You are viewing a plain text version of this content. The canonical link for it is here.
Posted to yarn-issues@hadoop.apache.org by "Joep Rottinghuis (JIRA)" <ji...@apache.org> on 2016/09/28 19:07:20 UTC

[jira] [Commented] (YARN-4561) Compaction coprocessor enhancements: On/Off, whitelisting, blacklisting

    [ https://issues.apache.org/jira/browse/YARN-4561?page=com.atlassian.jira.plugin.system.issuetabpanels:comment-tabpanel&focusedCommentId=15530564#comment-15530564 ] 

Joep Rottinghuis commented on YARN-4561:
----------------------------------------

For late arriving data that was spooled using whatever we come up with in YARN-4061, we can still recognize records that came in after we got rid of the finalized application's last write.
If we can have the _first_ write marked as a special value, just like the final value is marked, then we can later on distinguish the case where we have a later-arriving update.

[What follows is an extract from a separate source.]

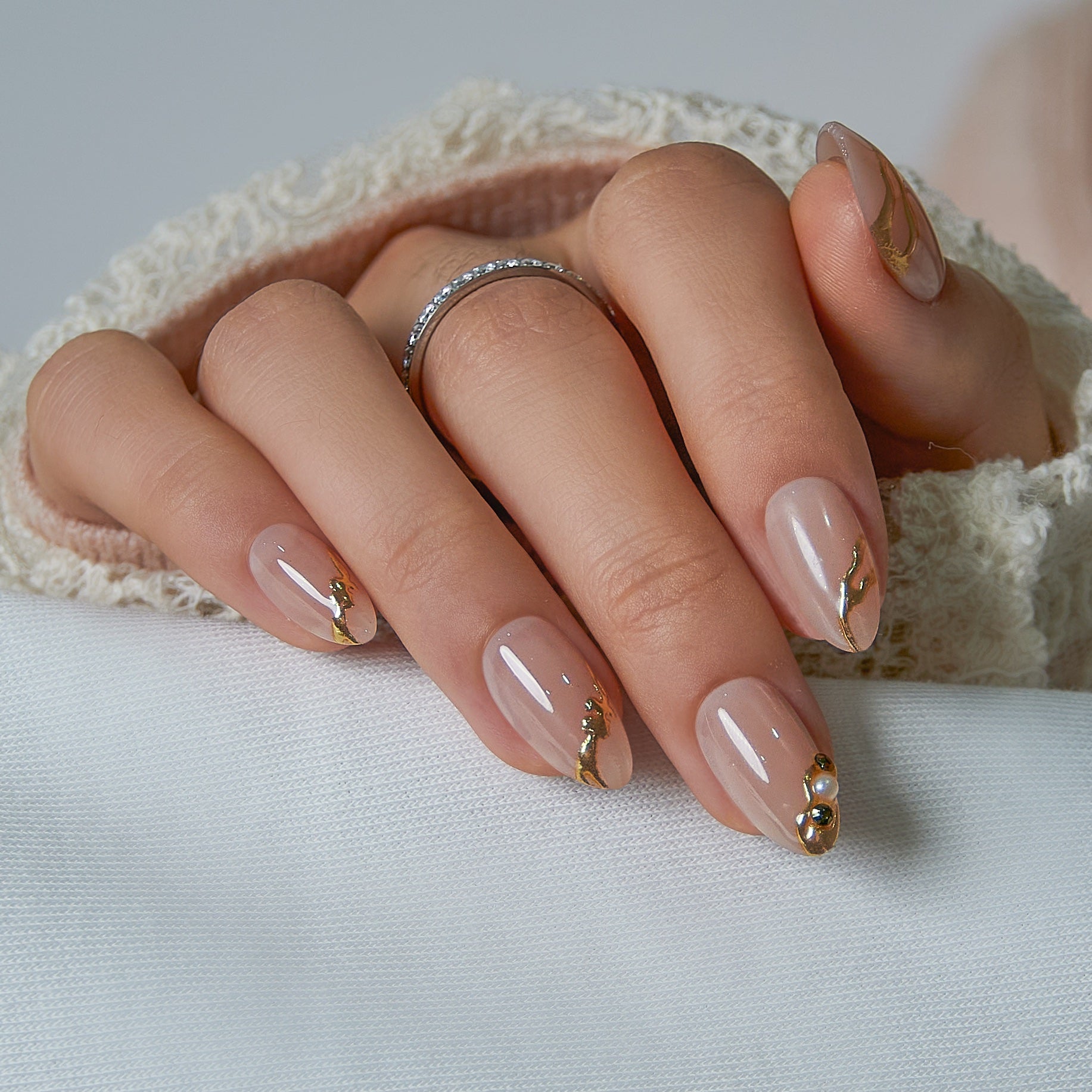 Designer S Pick Diamond Nude short almond nail detail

Aside from the very first record (marked special) we will always have an existing record that will slide in front of or behind exising values. In other words, we see either a new value and it is the first, or we see multiple values. We could use that to see if late values come in. The trick will be to see if we can do this after the fact ( in the read or flush compaction) rather than during writes. This may have to be a write-time copro that processes data only if it is later than the normal timewindow (more than a day old). For those cases we might have to do reads during writes, or at least mark records as suspicious for later analysis.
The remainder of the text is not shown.